I thought we were trying to design an XML syntax for SCL. I'm trying
to solve the issues that arise in designing such a syntax. That certainly
seems relevant to me. No, they aren't relevant to SCL as an abstract
syntax. They are artifacts of XML. We are discussing an XML syntax for SCL.
Am I in the wrong room?

>>> <snip>
>>>
>>>>  > Why do you need to get into this complexity of naming a
>>>>  > quantifier? I would be quite happy to have
>>>>  > (forall (?x)(P ?x))
>>>>  > rendered into XML as something like
>>>>
>>>> [I've rewritten the whitespace so I can see it better.]
>>>>
>>>>     <forall>
>>>>       <boundvar>?x</boundvar>
>>>>         <body>
>>>>           <atom>
>>>>             <rel>P</rel>
>>>>               <termseq>?x</termseq>
>>>>           </atom>
>>>>         </body>
>>>>      </forall>
>>>>
>>>> That's fine, and you might be happy, but what about those people
>>>> who want more than two quantifiers? There are more than two, right?
>>>
>>>
>>> Wrong. In SCL syntax there are two.
>>
>>
>> In the base SCL syntax there are two, but if you're creating an XML
>> syntax for a language designed to be extended into other forms of
>> expression, other forms of logic
> 
> 
> We aren't doing that. We are providing a single logic which we think is 
> rather general in its application, and we need an XML syntax for that 
> logic.
> 
>> , there's many more than two.
> 
> 
> No, there are two. (Or maybe four, if we allow numericals.) There will 
> never be many more. There have been two quantifiers in logic since 
> Peirce and Frege were writing; arguably since Aristotle. There is 
> absolutely no need to make the set of quantifiers extendable.
> 
>> I'm
>> suggesting a means of allowing constraints that would allow a
>> restriction to the exact set of quantifiers, connectives and
>> predicates in SCL, but also allow it to be extended.
> 
> 
> There is absolutely no need to allow for extending the quantifiers and 
> connectives, any more than English needs to allow for new grammatical 
> forms. Extending the set of predicates is another matter, but there the 
> error is to label them as 'predicate' in the syntax in the first place.
> 
> (It might make sense to allow for extending SCL by entirely other 
> classes of syntactic operators. For example, someone might want to add 
> modalities to the language, or have a special comment attachment syntax 
> for encoding detailed provenance information, or to allow terms with 
> bound variables such as lambda-expressions . But these would be entirely 
> new classes in the syntax, not new types of connective or quantifier.)
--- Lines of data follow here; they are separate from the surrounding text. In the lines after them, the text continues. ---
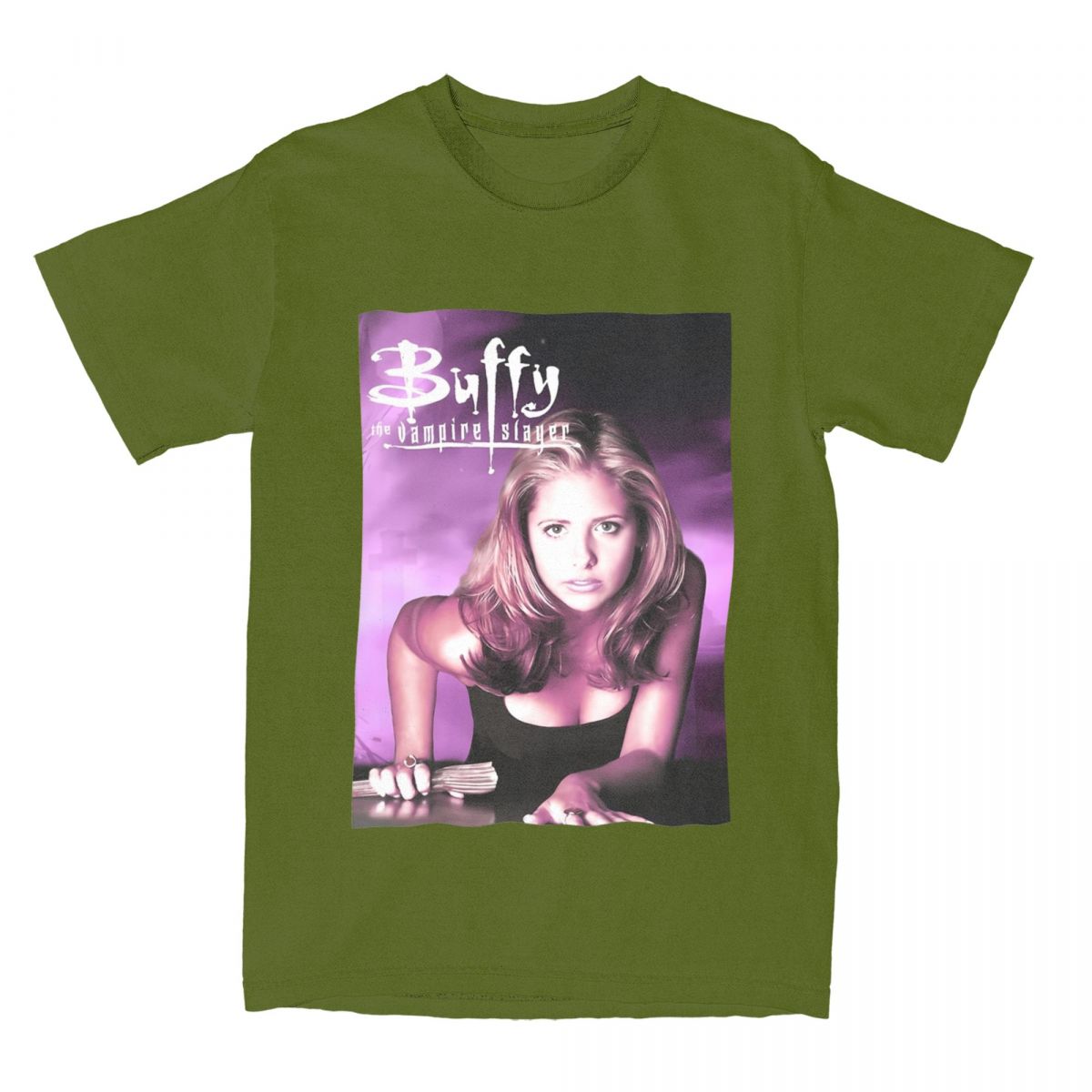 

Модные футболки Баффи — истребительница вампиров для мужчин, с круглым вырезом, из чистого хлопка, футболки с коротким рукавом, одежда 6XL 4XL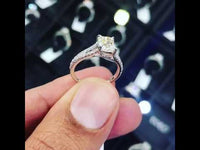 ER-1011 - 1.25 Carat H-VS2 Cushion Cut Natural Diamond Engagement Ring 18k White Gold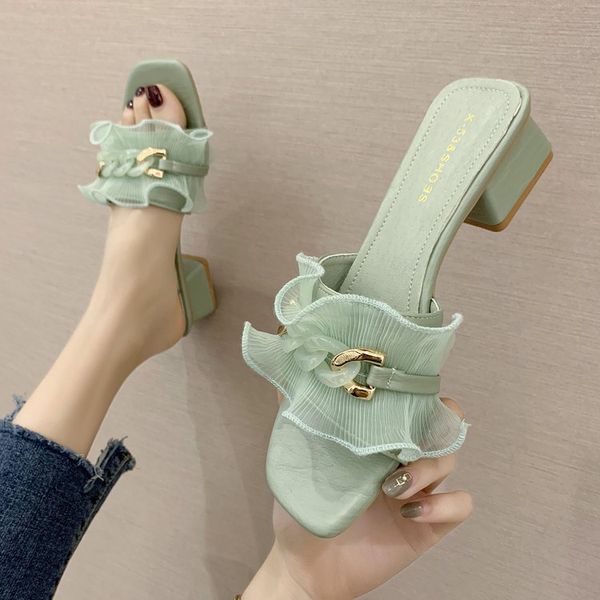 

shoes ladies' slippers square heel slipers women slides med block 2020 summer soft pu hoof heels rubber rome, Black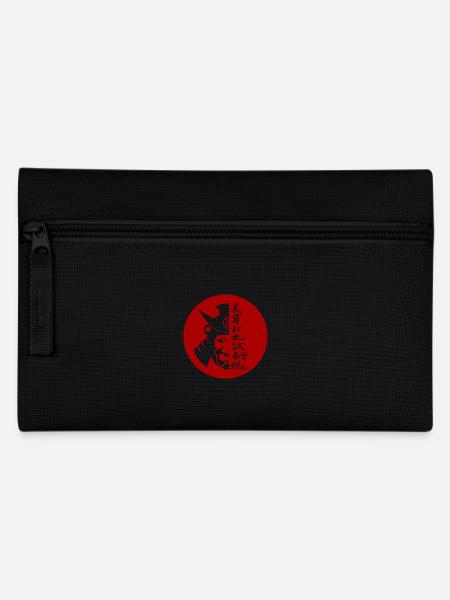Samurai Bushido – Helmet and 7 Virtues Red - Pencil Case - black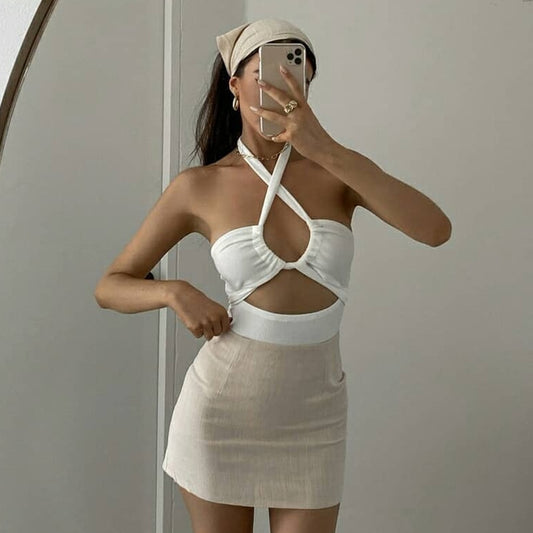 women' white cutout bodysuit top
The idea with XCL (my proposal for SCL expressed in XML, i.e., an
XML markup language expressing SCL), is that the Level 1 syntax is
an exact expression of SCL with nothing else. XCL Level 2 is the
XML framework upon which modal and other forms of logic can sit.
They're not in conflict, and because Level 1 syntax has a Level 2
isomorphism, there's no reason why XCL Level 2 can't be taken
entirely offline and I'll just take over the known world by myself,
thankyouverymuch. But the expression of SCL-in-XCL shouldn't preclude
being extended. I'm just trying to coordinate what you little people
do with what I'm doing while taking over the world.

>> SCL processors
>> could have two modes (easily), one that flagged an error if it
>> came across a name it didn't know, and one that allowed other names.
>>
>>>> There's #$thereExistsAtMost and perhaps dozens of others.
>>>
>>>
>>> No, none of these are quantifiers in SCL. We may add numerical 
>>> quantifiers, but then there will still only be four at most.
>>
>> I'm designing an XML syntax that supports SCL but can be extended.
> 
> Well, that is a different project. I don't myself think it is a very 
> worthwhile one, by the way, but it is certainly very different in any case.
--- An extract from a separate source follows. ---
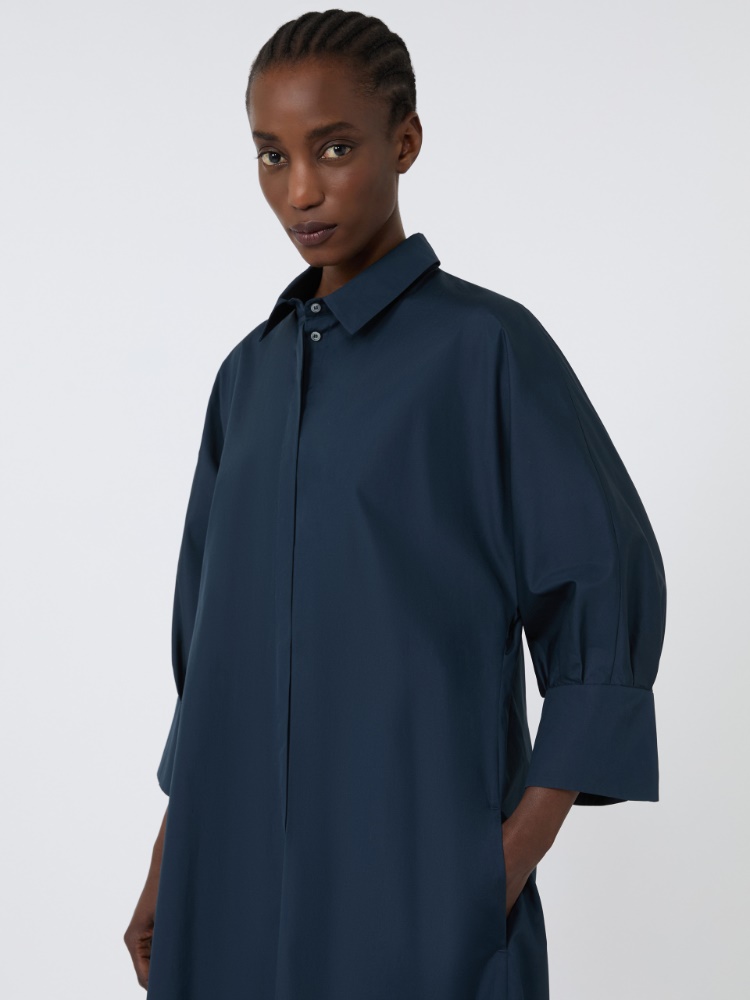 Cotton shirt dress - MIDNIGHTBLUE - Max Mara - 4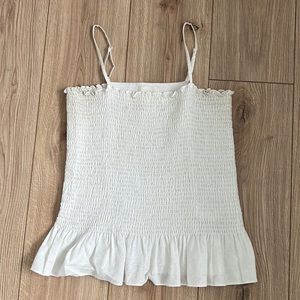 Anthropologie Maeve Smocked White Tank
Then I'm probably in the wrong room, as I said previously.

>> I'm trying to provide a means of extension that isn't ugly and
>> doesn't require people to create their own markup in order to
>> extend the base language.
> 
> I am not particularly interested in allowing users to extend the base 
> language. If people ever plan to extend the language then they will 
> presumably use new syntax categories, and the XML markup of their 
> extended languages will reflect that extra structure. But we cannot 
> pre-guess what that will be or what it will mean.
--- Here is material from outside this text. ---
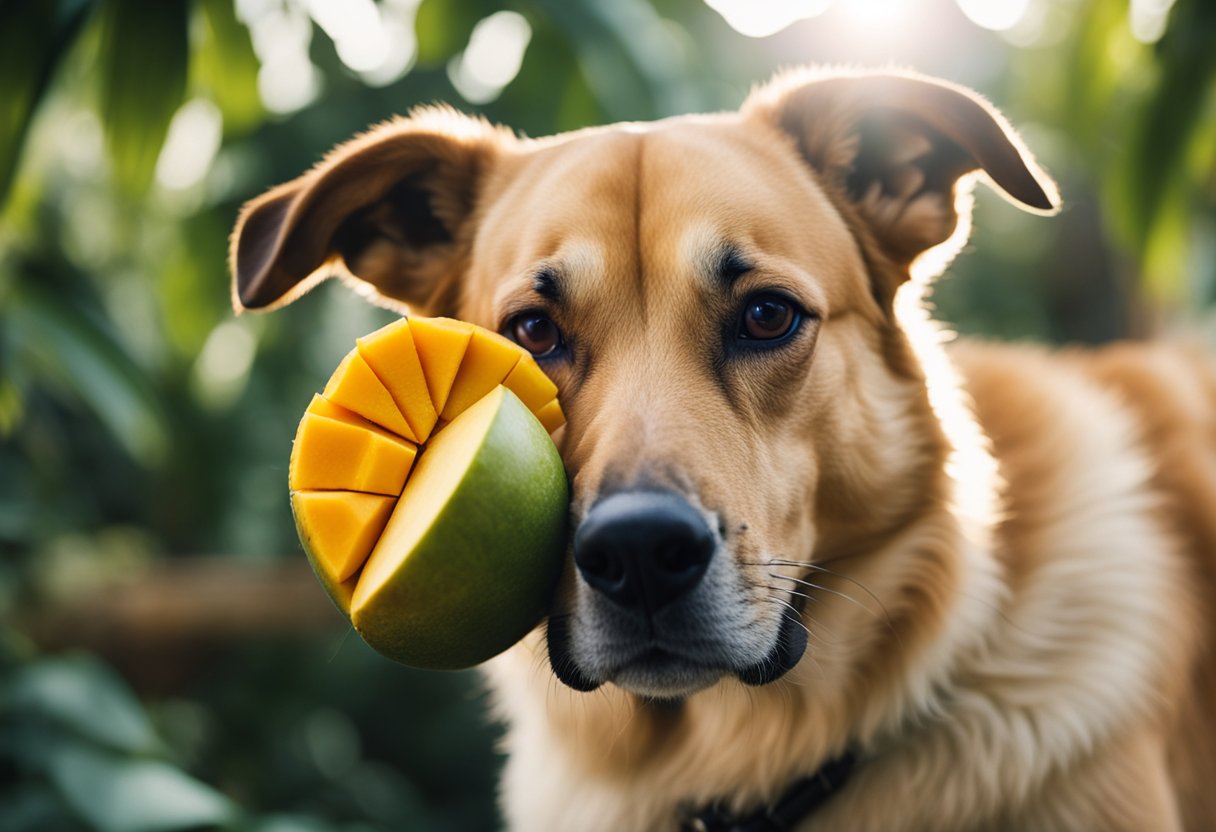 A dog eagerly eating a slice of ripe mango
My point is that with a very minor variation in syntax (not even in
using XLink or anything fancy, just moving some stuff from being
attributes to being child elements), my megalomaniacal fantasies can
be lived out to their fullest.

>>>>  So what
>>>> I'm proposing is not hardwiring the quantifier type as an element
>>>> name, and having it specified either as a "reserved name" or a PSI.
>>>> The idea of using "reserved names" is not some XML thing, it's just
>>>> an idea of a shorthand for SCL since I'm guessing you all would
>>>> rather not be typing long URLs all the time, and there are a small
>>>> set of initial types.
>>>>
>>>> So, these two examples would be identical semantically. You probably
>>>> don't need the "?" in front of the x in <boundvar> since it can be
>>>> implied in the context.
>>>
>>> A distinctive prefix for variables is a widely used convention. I 
>>> would abandon it only very reluctantly and under the pressure of a 
>>> very cogent reason.
>>
>> The reason is that the notation is not classical FOL, it's XML.
> 
> That is irrelevant; the point is to make it easy to transfer syntactic 
> forms between different syntaxes. If the XML syntax is the only one 
> which writes variables differently, what is gained by being 
> idiosyncratic? Its not as though one or two extra characters are likely 
> to be noticed in the deluge of tag names, after all.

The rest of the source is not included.